One of the toughest parts of being a tennis parent is experiencing those inevitable times when your child loses a tennis match. Seeing your child in pain after a loss is very difficult, especially when you know how much time and hard work they’ve invested into improving their tennis game. As a parent, your first instinct is to do whatever you can to help ease their pain, but how exactly do you go about doing this? Below are some ways that you can provide some much-needed encouragement, consolation and perspective to help your kid deal with their tennis losses.
Empathize with your child
Before you do anything else, pause and think about what’s actually happening at the moment. Your child just lost a match, and their emotions are probably running high, because let’s face it–losing doesn’t feel good. This means that the moment they step off the court, they’re probably going to be a little emotionally fragile. They’re trying to sort out feelings of frustration, disappointment, self-doubt, etc., and more than likely they’re going to feel like they’ve let you down as well. At a time like this, do your best to empathize with what your child is going through. Try to put yourself in your their shoes, and be willing to absorb the feelings of the moment with them. Let them know that their feelings are perfectly normal and valid. Something as simple as “I know it feels rough right now, and I’m sorry” can go a long way.
Listen patiently
Some kids will want to discuss the loss immediately, while others would rather have some quiet time to think and process everything first; either way, do your best to be supportive, and be willing to go at their pace in terms of post-match conversation. Give them a hug and tell them you love them. They should be reassured that their self-worth is not wrapped up in their tennis performance, and that you’re there for them, regardless of whether they win or lose.
Respect their feelings
Point out to them that the reason why they feel so bad is not so much because they lost, but because they care that they lost, and that caring is actually a very honorable and important thing. It shows that they’re engaged in what they’re doing, and that they’re not just phoning it in or being half-hearted about their tennis aspirations.
Use logic
Remind them that tennis, as strange as it may sound, is largely a game of losses. No matter what size or type of tournament you play in, there will always be only one winner; that basically means that everyone else goes home with a loss. Professional players lose all the time! If you were to visit the players’ dining room of any professional tennis tournament, you might be surprised to see players joking, laughing, loving on their families, and hanging out with friends, all after taking losses on the court. The point is that life goes on after you lose a tennis match.
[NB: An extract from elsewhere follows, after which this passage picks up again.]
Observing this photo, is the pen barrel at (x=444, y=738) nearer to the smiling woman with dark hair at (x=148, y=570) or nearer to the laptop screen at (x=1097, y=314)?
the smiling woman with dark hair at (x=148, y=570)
Help them develop the habit of analyzing their game
Help them develop the habit of analyzing their game (after the emotions have died down, of course), so that they can learn from things that they may have done wrong. Perhaps their second serve wasn’t as crisp as it needed to be, or maybe their two-handed backhand shots could have been more accurate. Of course, any pointers regarding tennis-specific techniques and strategies will probably be covered by their coach later, but many times giving them the opportunity to talk it out informally can help them process the loss and gain some insight into what they can do better next time.
Point out the positives
Remind your child that even in a loss, there are certain things they can gain from the match. Maybe they made it to the third round this week. Maybe their forehand was sharper this time than in previous matches. Perhaps they had an opportunity to face off against a high-caliber player, which will only make them better in the long run. Teach them to always look for the silver lining in every circumstance, because it’s always there if you look hard enough.
Unfortunately, there are no quick fixes when it comes to helping your child deal with a tennis loss. It’s going to hurt for a little while, but then they will move on and continue to improve. Your main job as a parent is to show your unwavering support, and help them maintain the proper attitude and perspective about the game they love. Keep the tips listed above in mind, but remember that if all else fails, a good round of ice cream can work wonders.